[GIVEN INFORMATION Boundary: Start]
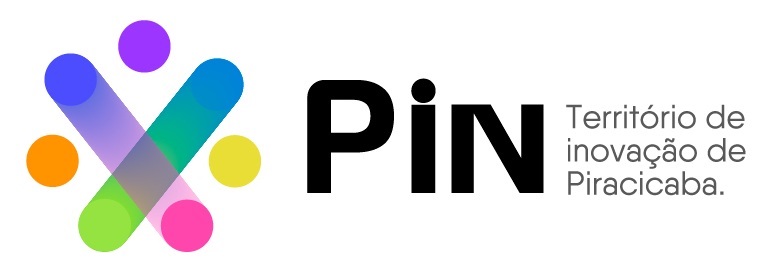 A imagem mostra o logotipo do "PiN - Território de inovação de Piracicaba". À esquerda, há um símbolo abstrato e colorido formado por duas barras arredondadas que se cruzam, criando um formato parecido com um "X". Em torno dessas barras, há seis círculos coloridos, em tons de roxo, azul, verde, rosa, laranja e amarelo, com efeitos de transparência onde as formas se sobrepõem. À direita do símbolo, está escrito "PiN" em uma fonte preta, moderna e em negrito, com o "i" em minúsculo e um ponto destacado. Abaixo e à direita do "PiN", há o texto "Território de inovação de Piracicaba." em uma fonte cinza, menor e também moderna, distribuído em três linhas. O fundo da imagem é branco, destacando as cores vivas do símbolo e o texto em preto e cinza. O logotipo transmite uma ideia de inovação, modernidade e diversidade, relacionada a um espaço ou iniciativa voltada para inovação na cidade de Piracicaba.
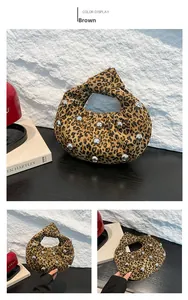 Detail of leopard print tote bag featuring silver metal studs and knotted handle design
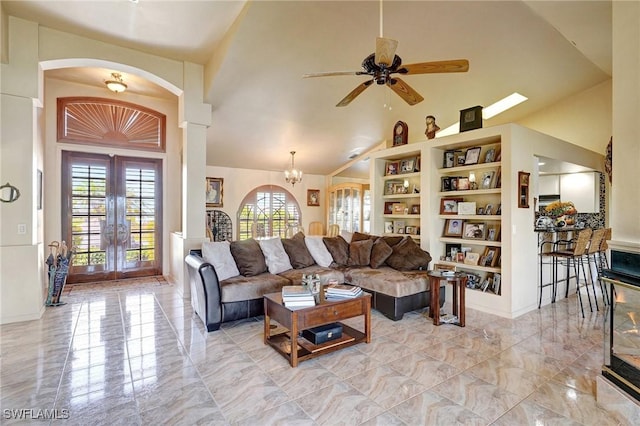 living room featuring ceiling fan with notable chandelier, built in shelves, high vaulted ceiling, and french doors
[GIVEN INFORMATION Boundary: End]
TRY IT → Transcribe the listing in full and omit the pictures.

SOLVED PROBLEM →
 A imagem mostra o logotipo do "PiN - Território de inovação de Piracicaba". À esquerda, há um símbolo abstrato e colorido formado por duas barras arredondadas que se cruzam, criando um formato parecido com um "X". Em torno dessas barras, há seis círculos coloridos, em tons de roxo, azul, verde, rosa, laranja e amarelo, com efeitos de transparência onde as formas se sobrepõem. À direita do símbolo, está escrito "PiN" em uma fonte preta, moderna e em negrito, com o "i" em minúsculo e um ponto destacado. Abaixo e à direita do "PiN", há o texto "Território de inovação de Piracicaba." em uma fonte cinza, menor e também moderna, distribuído em três linhas. O fundo da imagem é branco, destacando as cores vivas do símbolo e o texto em preto e cinza. O logotipo transmite uma ideia de inovação, modernidade e diversidade, relacionada a um espaço ou iniciativa voltada para inovação na cidade de Piracicaba.
 Detail of leopard print tote bag featuring silver metal studs and knotted handle design
 living room featuring ceiling fan with notable chandelier, built in shelves, high vaulted ceiling, and french doors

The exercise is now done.